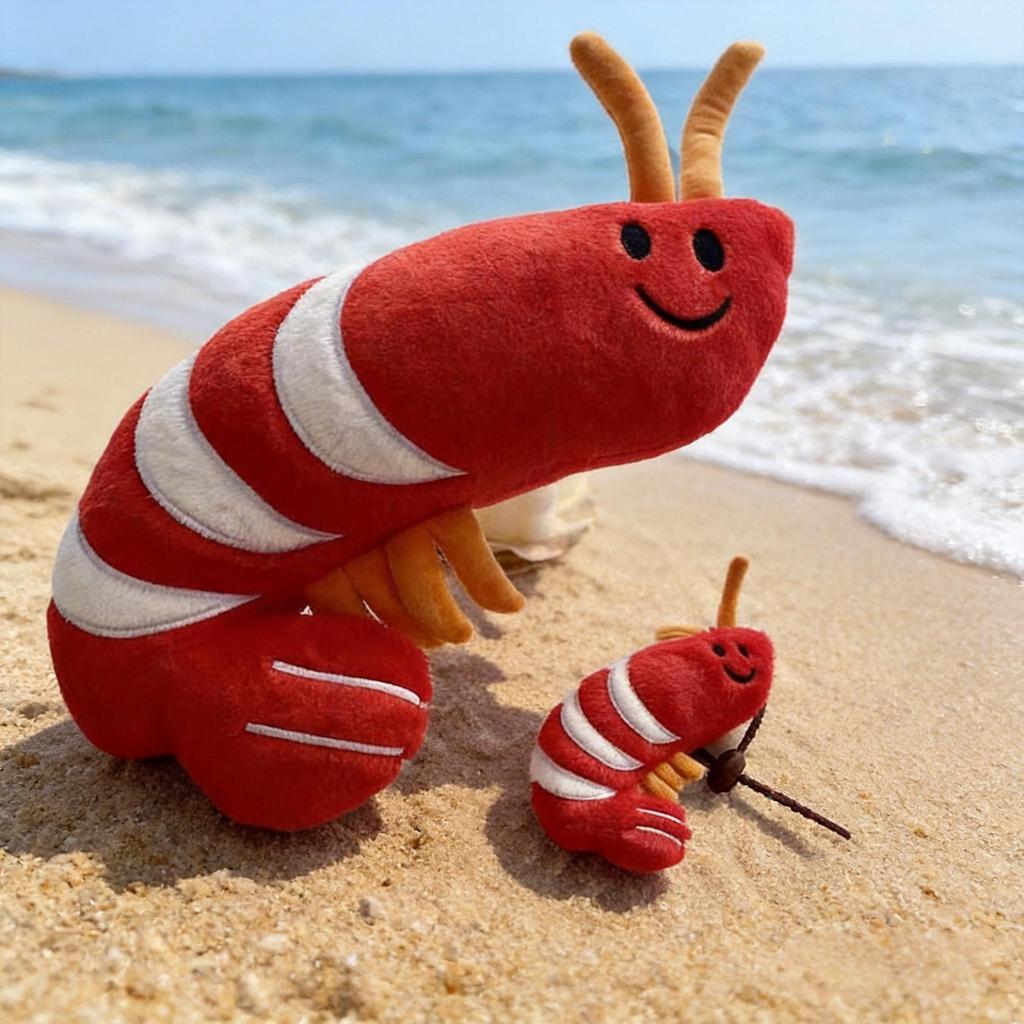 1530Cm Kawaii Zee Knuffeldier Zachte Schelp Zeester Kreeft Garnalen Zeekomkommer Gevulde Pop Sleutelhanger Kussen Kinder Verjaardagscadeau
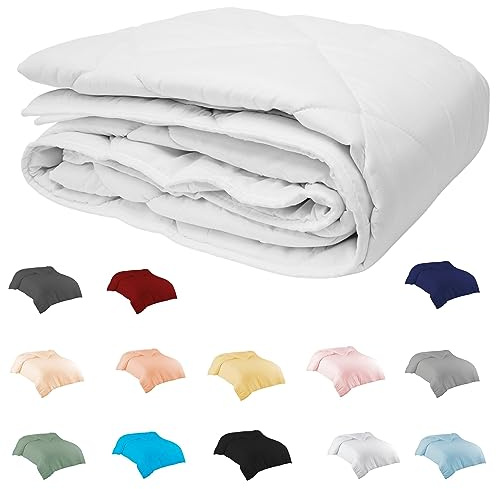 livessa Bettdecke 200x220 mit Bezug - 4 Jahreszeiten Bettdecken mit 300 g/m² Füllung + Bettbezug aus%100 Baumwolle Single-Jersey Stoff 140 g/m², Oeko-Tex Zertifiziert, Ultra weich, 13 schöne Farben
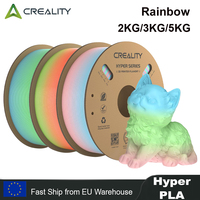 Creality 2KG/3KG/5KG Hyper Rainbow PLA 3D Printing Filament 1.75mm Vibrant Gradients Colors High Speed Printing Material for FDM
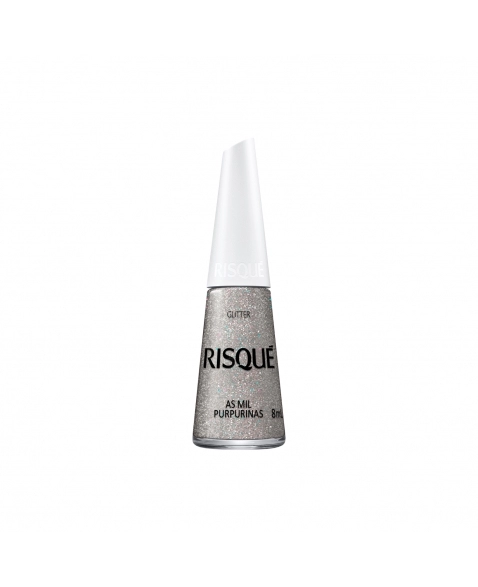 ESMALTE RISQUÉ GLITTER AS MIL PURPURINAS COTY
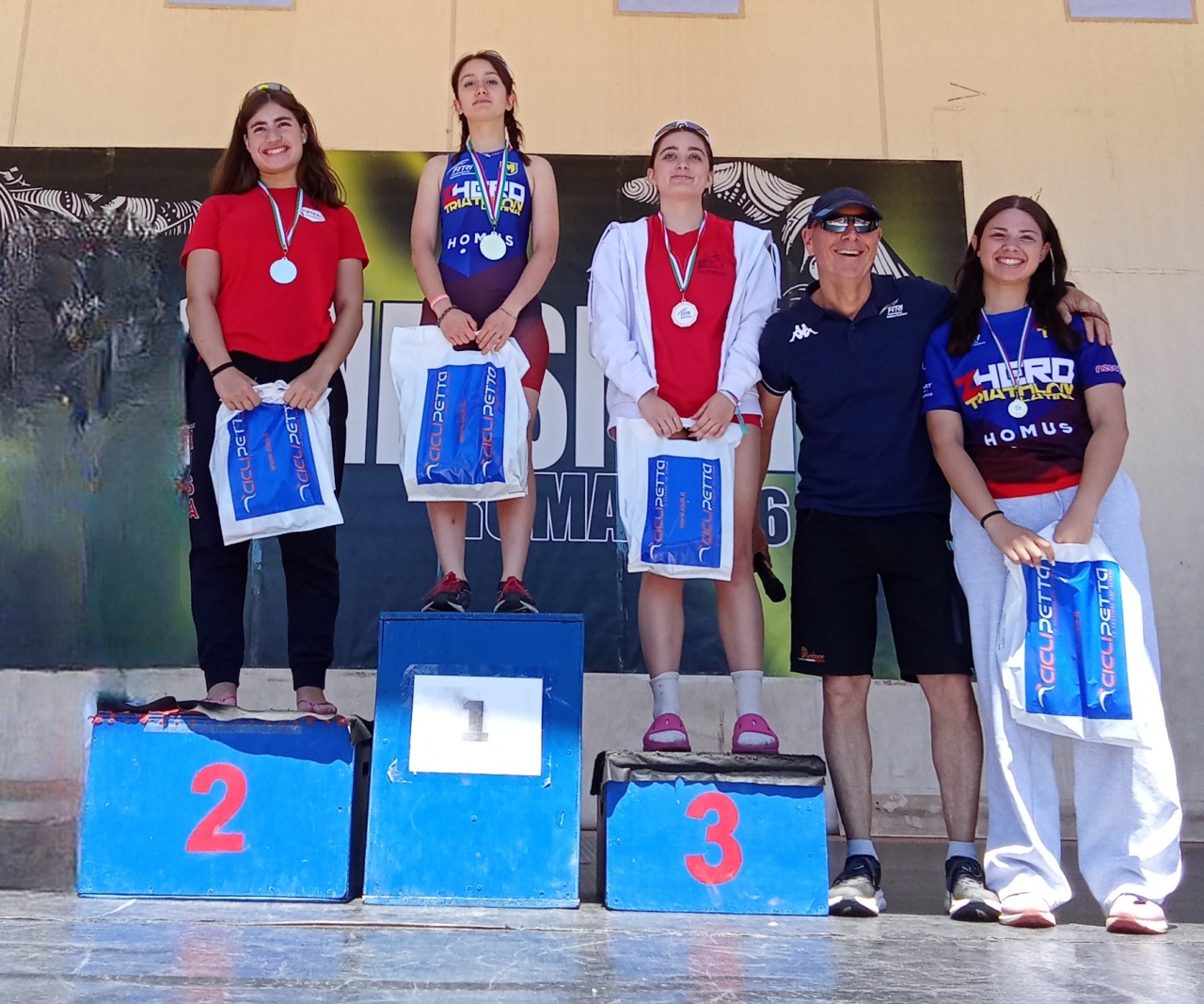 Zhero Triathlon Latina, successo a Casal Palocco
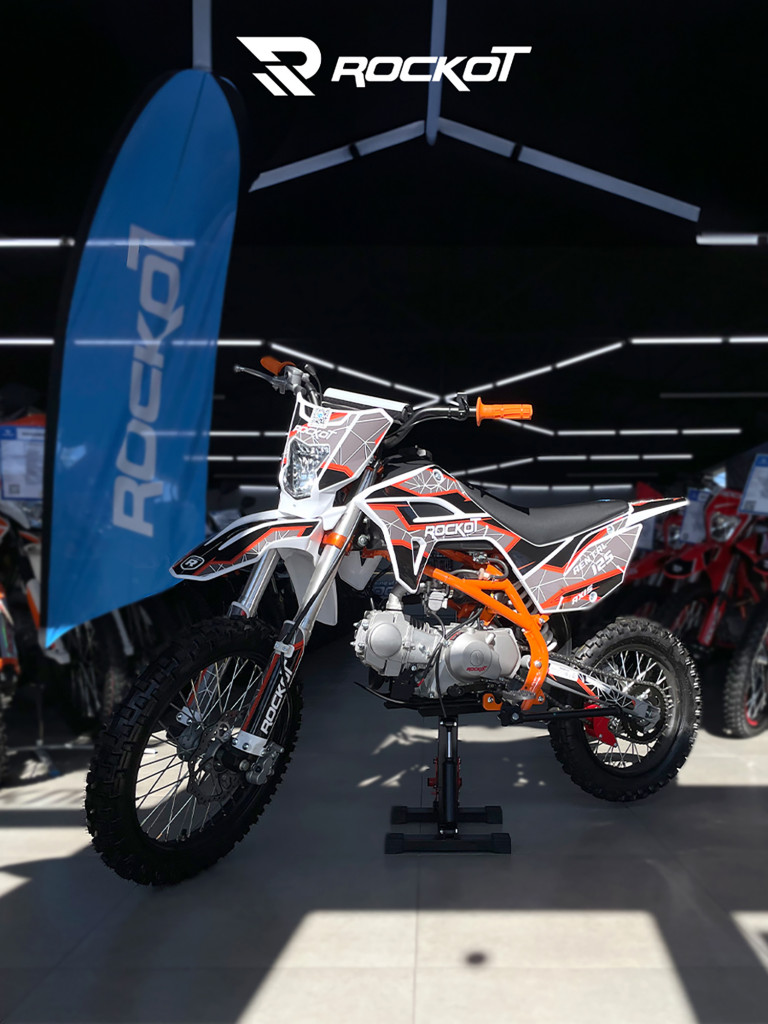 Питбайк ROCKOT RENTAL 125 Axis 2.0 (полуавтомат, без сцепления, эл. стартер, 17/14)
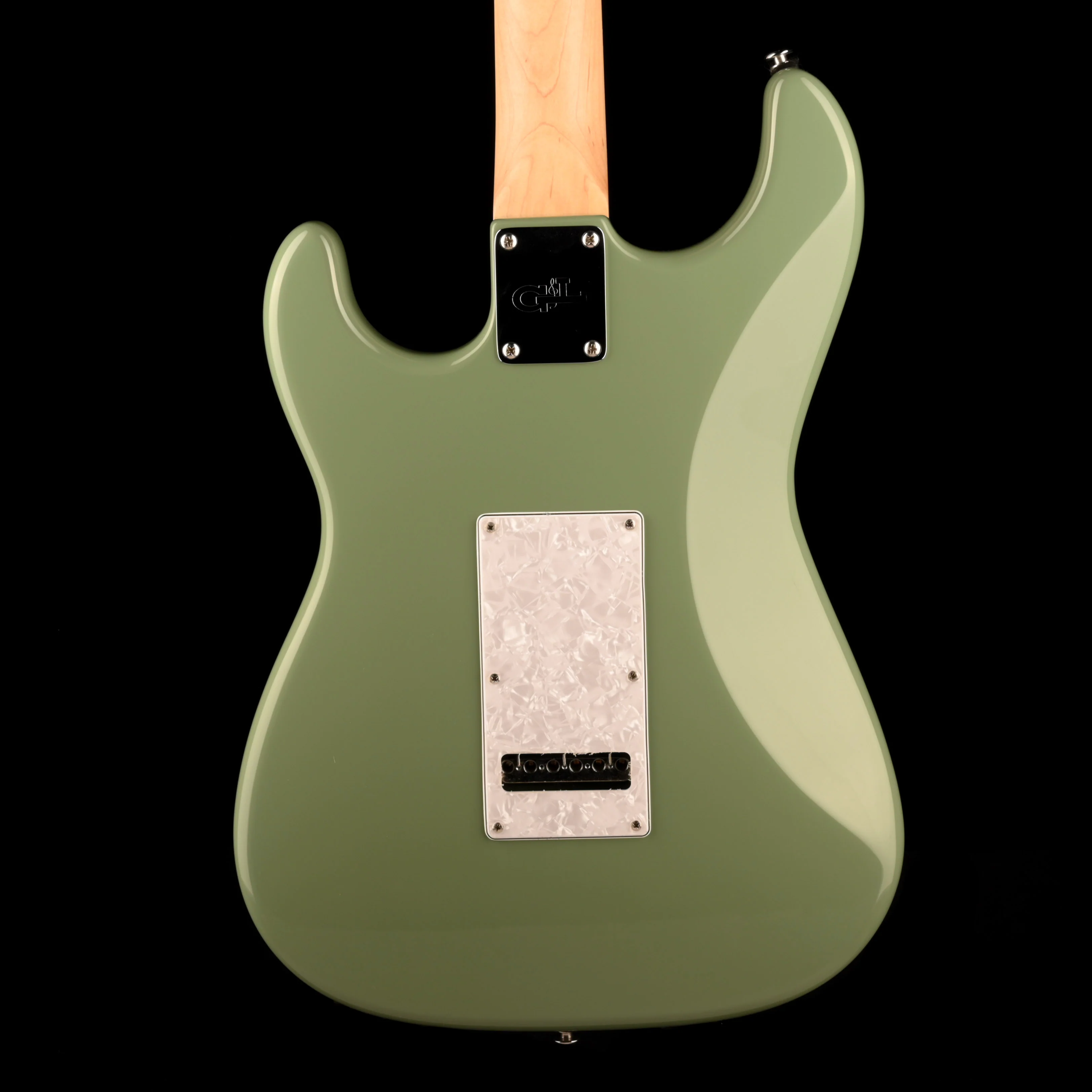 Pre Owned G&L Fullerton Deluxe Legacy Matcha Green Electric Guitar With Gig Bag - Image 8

----

• WHAT TO DO:
Write each line exactly as it appears, from the line that holds "ESMALTE RISQUÉ GLITTER" through the closing line of the data above, and leave every picture out.

• ANSWER TO THIS EXERCISE:
 ESMALTE RISQUÉ GLITTER AS MIL PURPURINAS COTY
 Zhero Triathlon Latina, successo a Casal Palocco
 Питбайк ROCKOT RENTAL 125 Axis 2.0 (полуавтомат, без сцепления, эл. стартер, 17/14)
 Pre Owned G&L Fullerton Deluxe Legacy Matcha Green Electric Guitar With Gig Bag - Image 8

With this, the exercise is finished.